Beauty vs Beast: Stabbin' in the Woods

Jason from MNPP here with this week's round of piping hot "Beauty vs Beast" action -- I find myself in a strange position this awards season. Alejandro González Iñárritu, a director whose films have time and time again made my skin crawl thanks to their blowsy self-regard, has gone and made a movie that I don't entirely loathe? I don't know that I can be much more open-hearted towards The Revenant than that, but there are big, short, spot-lit movies gunning for Best Picture that I find oodles more offensive than this silly thing. Heck if the bad taste of Birdman hadn't poisoned the well last year I might, dare I say, be even slightly less ambivilent. (But it did, it did, it did poison the well. Damn you, Birdman.) But which uglied up tough guy carved out a horse carcass in your heart?

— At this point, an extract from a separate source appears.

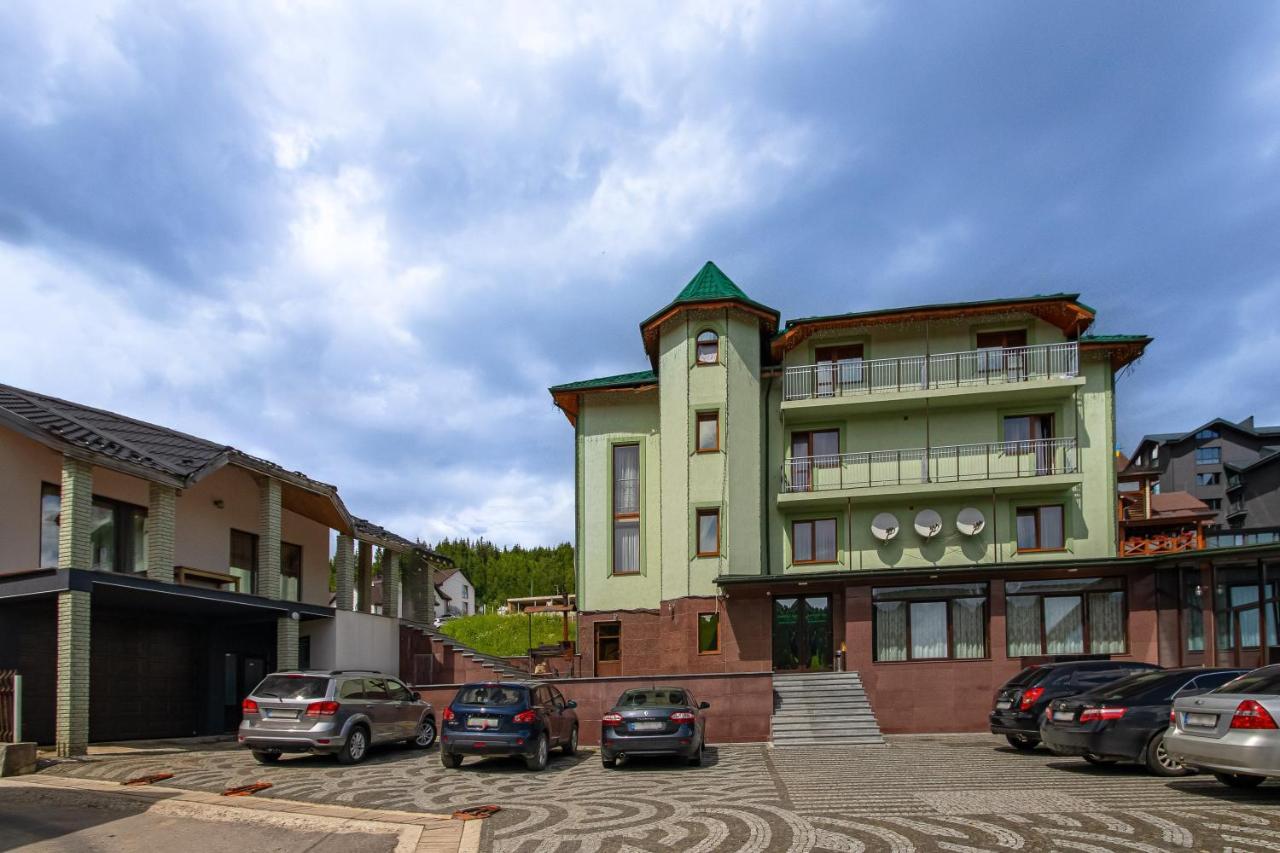Hotel Zeleniy Bir Bukovel Esterno foto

PREVIOUSLY Well I guess it's for the best that we did Todd Haynes' Carol last week before the Oscar nominations, because now that it's been snubbed for Best Picture and Director it will never be heard from again. (Kidding, people, put down the pitchforks.) While some of you admitted to slightly less-than-lesbian longings for those sturdy Harge (Kyle Chandler) shoulders, it was Sarah Paulson's performance as Carol's salty best friend Abby that you ultimately locked arms with. Said Paul Outlaw:

"Sorry, Harge. I can't help you with this."